Thursday, 18 de April de 2024 ISSN 1519-7670 - Ano 24 - nº 1283

O jornalista fazedor de amigos

Diante da imparável e assustadora perda de amigos próximos, não vejo mais sentido em escrever obituários chorosos ou laudatórios e muito menos em exaltar carreiras. Prefiro agora, como é o caso presente, lembrar dos bons tempos de convivência fraternal, divertida e sobretudo instrutiva com Edwaldo Pacote, o E.Pacote, como ele assinava suas matérias, falecido na quarta-feira (5/8), aos 81 anos, depois de um longo e estóico sofrimento na luta contra um câncer.
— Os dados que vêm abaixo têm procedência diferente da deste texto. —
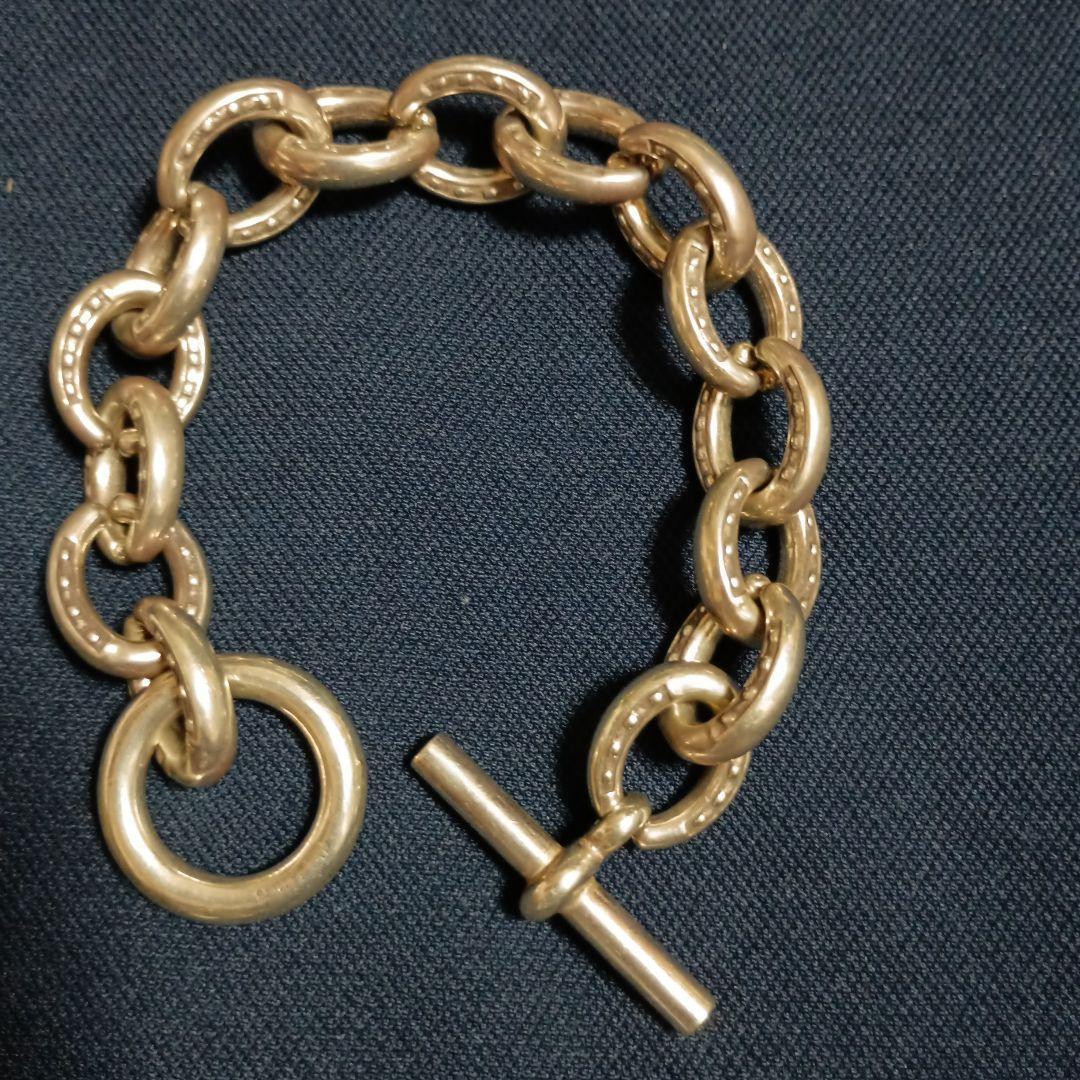 期間限定 The Letters　HORSESHOEBRACELET LARGE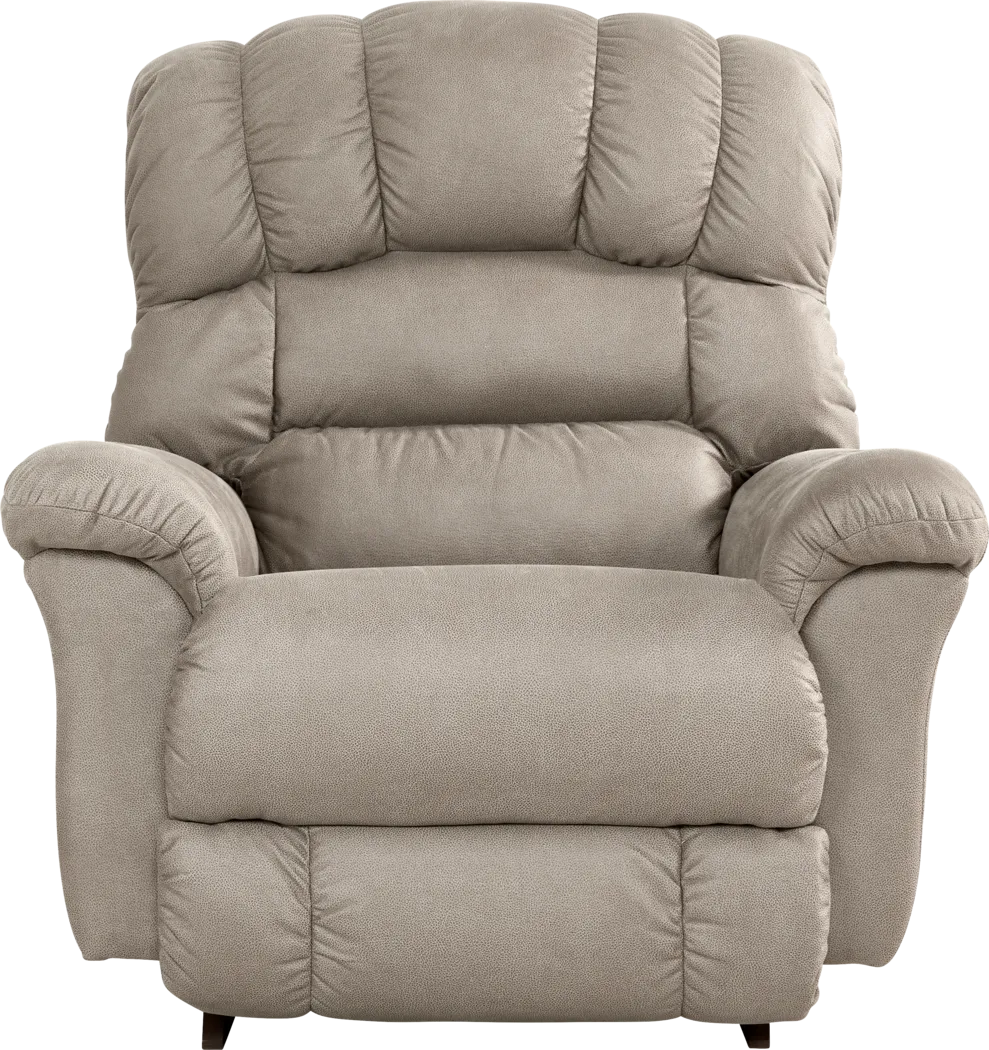 La-Z-Boy Randell III Taupe Dual Power Recliner - Thumbnail - Image 3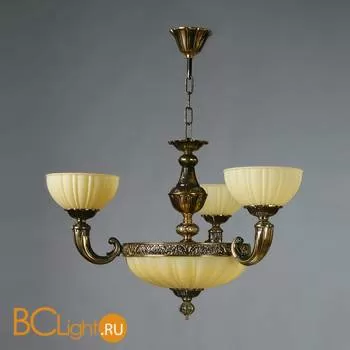 Люстра Brizzi Lugo 8539/3 PB - Фото 0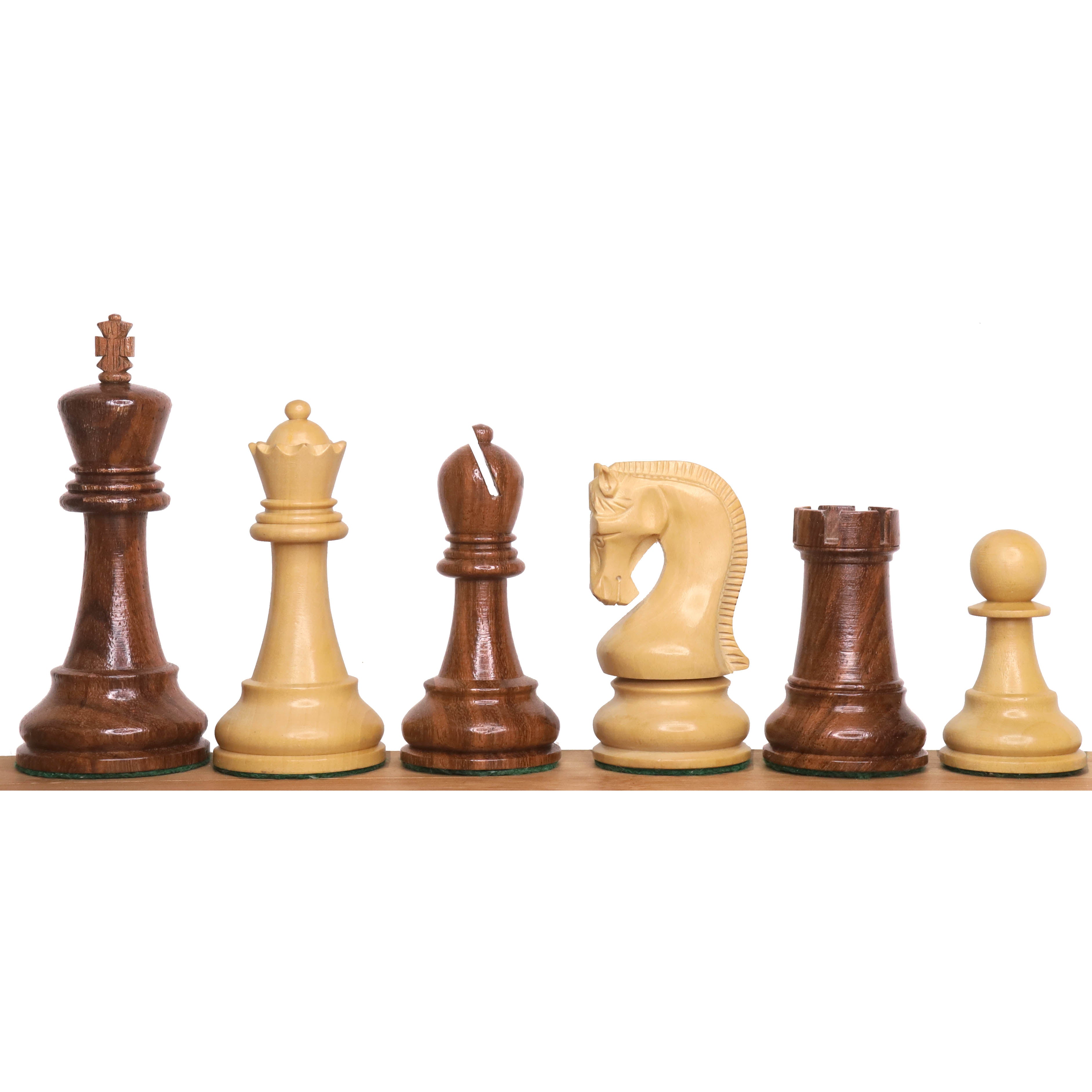 Leningrad Staunton 101mm Chess Pieces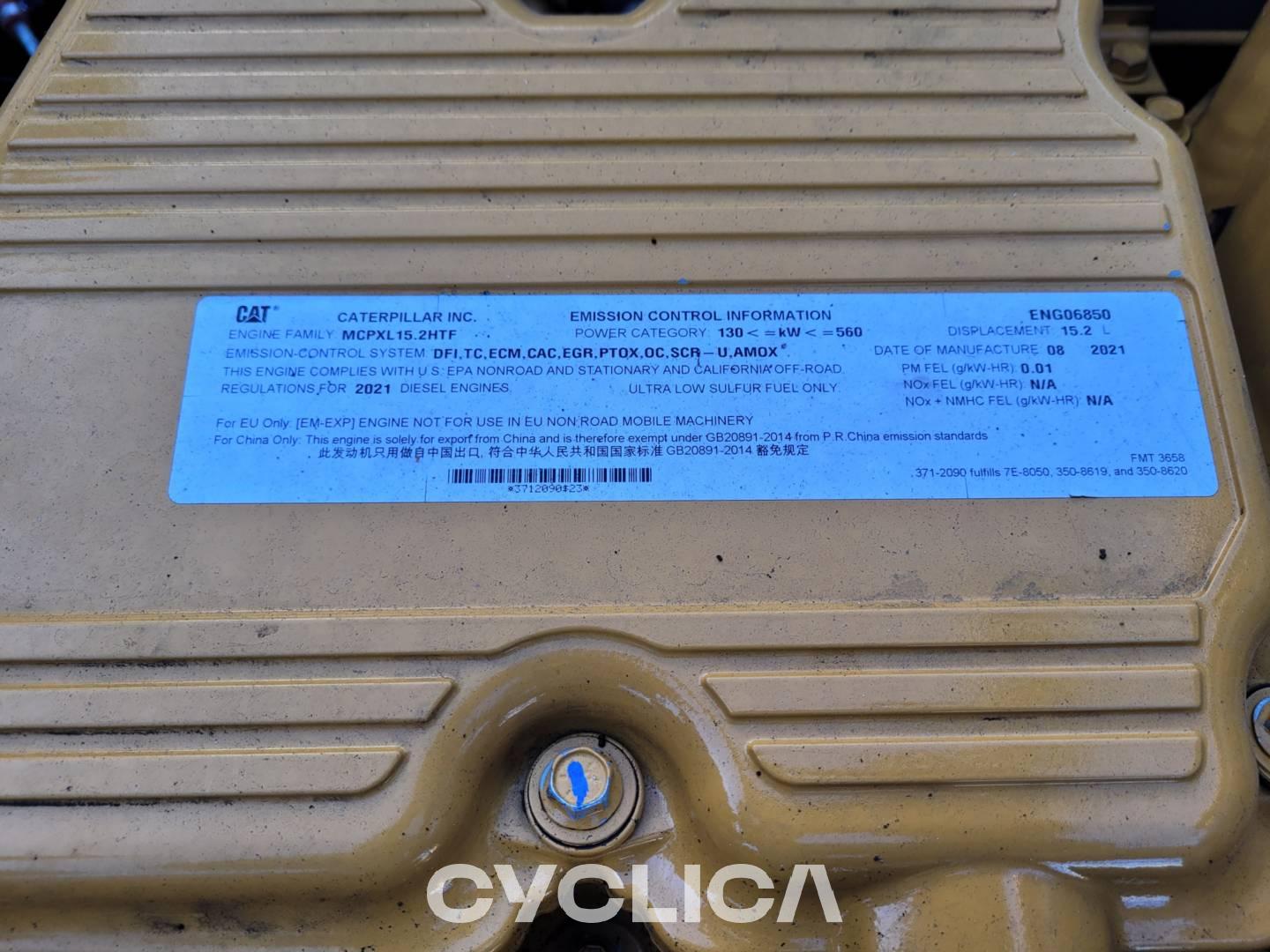 Dumpers y camiones articulados  740 3T800614 - 9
Meu amigo e meu editor em três publicações, eu o conheci em 1961 na extinta revista Visão, na acanhada mas acolhedora redação da rua Sete de abril, 252, no então centro novo de São Paulo. Pacote, formado na escola do bom jornalismo paulistano dos anos 1950, já era experiente: passara pelo jornal comunista Hoje, o que então se conhecia como Folhas (três jornais diários) e a sucursal paulista da revista O Cruzeiro, sempre como repórter.

Ao contrário de boa parte de seus colegas de reportagem, enfronhados na apuração dos fatos batendo pernas nas ruas da cidade, ele escrevia muito bem e, para os olhos impressionados do foquinha inseguro e embasbacado, uma insuperável velocidade no batucar das pretinhas da pesada e prateada Olivetti. Era daquele tipo de jornalista que tirava o papel da máquina, e pronto, a matéria não precisava de mexidas ou remendos de edição. O dele era de fato um texto final.

Esse talento para o ofício de escrever e um temperamento efusivo, às vezes invocado do paraibano Pacote, marcavam seu dia-a-dia com a turma de Visão, então no auge como revista semanal de informação ao estilo da americana Time. Sob o comando de Hideo Onaga e Jorge Leão Teixeira, dois grandes profissionais, apoiados por José Yamashiro e Washington Novaes na secretaria de Redação, a revista, na década de 1960, fazia, nessa primeira fase, um jornalismo sóbrio e confiável, sem concorrência até o surgimento de Veja em 1968.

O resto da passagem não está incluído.